Why Neural Architecture Search is becoming far less expensive

Forrest Iandola
5 min readAug 31, 2019

--

Search times have gone down by 100x

1. Overview

Recently, Neural Architecture Search (NAS) has begun to outperform expert engineers at designing fast and highly accurate deep neural networks (DNNs). However, NAS methods have typically required an astronomical compute cost to search the space of DNNs and select the right one. These searches have required so much cloud computing time, in fact, that it’s cost-prohibitive to all but the most well-funded corporate R&D laboratories.¹ However, with a new breed of NAS methods called supernetwork-based search (e.g. FBNet and SqueezeNAS), these costs have fallen dramatically.

2. Related Work and History

2.1. Manually-Designed Deep Neural Networks

In 2012, AlexNet won the ImageNet image-classification competition by a substantial margin. By 2014, deep neural networks were the leading approach for solving many problems in computer vision. From 2012 to 2016, a substantial portion of the computer vision research community focused on designing DNNs that achieved the highest possible accuracy on computer vision tasks. While accuracies went up, so did the resource requirements to run these deep neural networks. For example, VGGNet won ImageNet in 2014, and it required 10x more computations than AlexNet, and it had 2x more parameters than AlexNet.

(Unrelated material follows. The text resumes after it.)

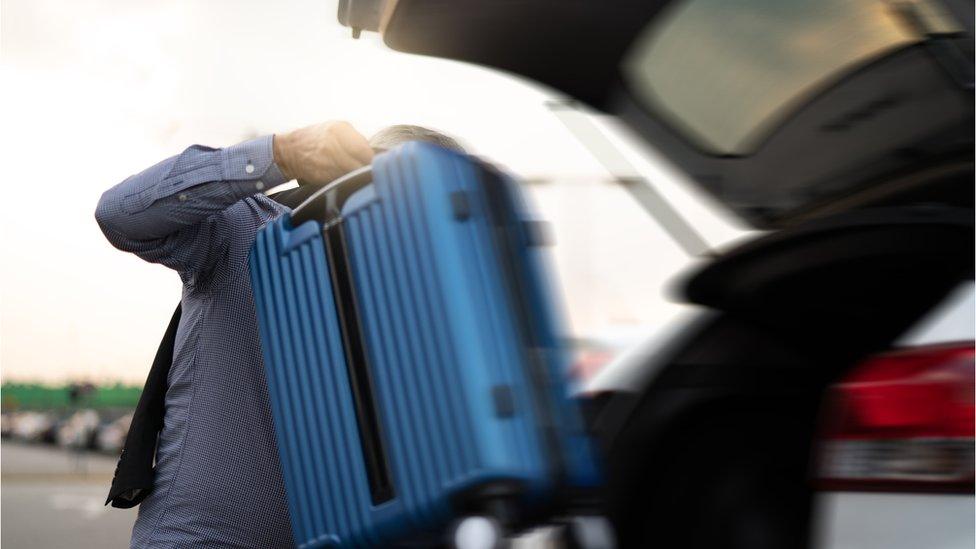 man removing suitcase from back of car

By 2016, it was becoming clear that the the race to increase accuracy by bloating the DNN’s resource requirements was unsustainable. SqueezeNet, which my colleagues and I published in 2016, demonstrated that reasonable accuracy on ImageNet can be achieved on a minuscule (under 5 megabyte) budget of parameters. In 2017, MobileNetV1 demonstrated how to dramatically reduce the quantity of multiply-accumulate operations (MACs) relative to SqueezeNet and other prior work. Shortly after MobileNetV1 was published, ShuffleNetV1 debuted. ShuffleNetV1 is a DNN that is optimized for low-latency on mobile CPUs, and the ShuffleNetV1 paper also showed that reducing MACs is only loosely correlated with reducing latency. Our recent post, “Not all TOPs are created equal,” provides more context on why neural networks with fewer MACs don’t always achieve lower latency.

2.2. Reinforcement Learning (RL) based NAS

By 2018, Neural Architecture Search had begun to build DNNs that run at lower-latency and produce higher accuracy than previous manually-designed DNNs. For example, Google’s MnasNet outperformed ShuffleNet in both latency and accuracy on ImageNet. MnasNet was generated using a Reinforcement Learning (RL) based system for Neural Architecture Search. The search process operates as follows. There is an RL controller that proposes DNN architectures to train. The DNNs are trained, and the results of these training runs are provided as feedback to the RL controller, and the RL controller then proposes more DNNs to train.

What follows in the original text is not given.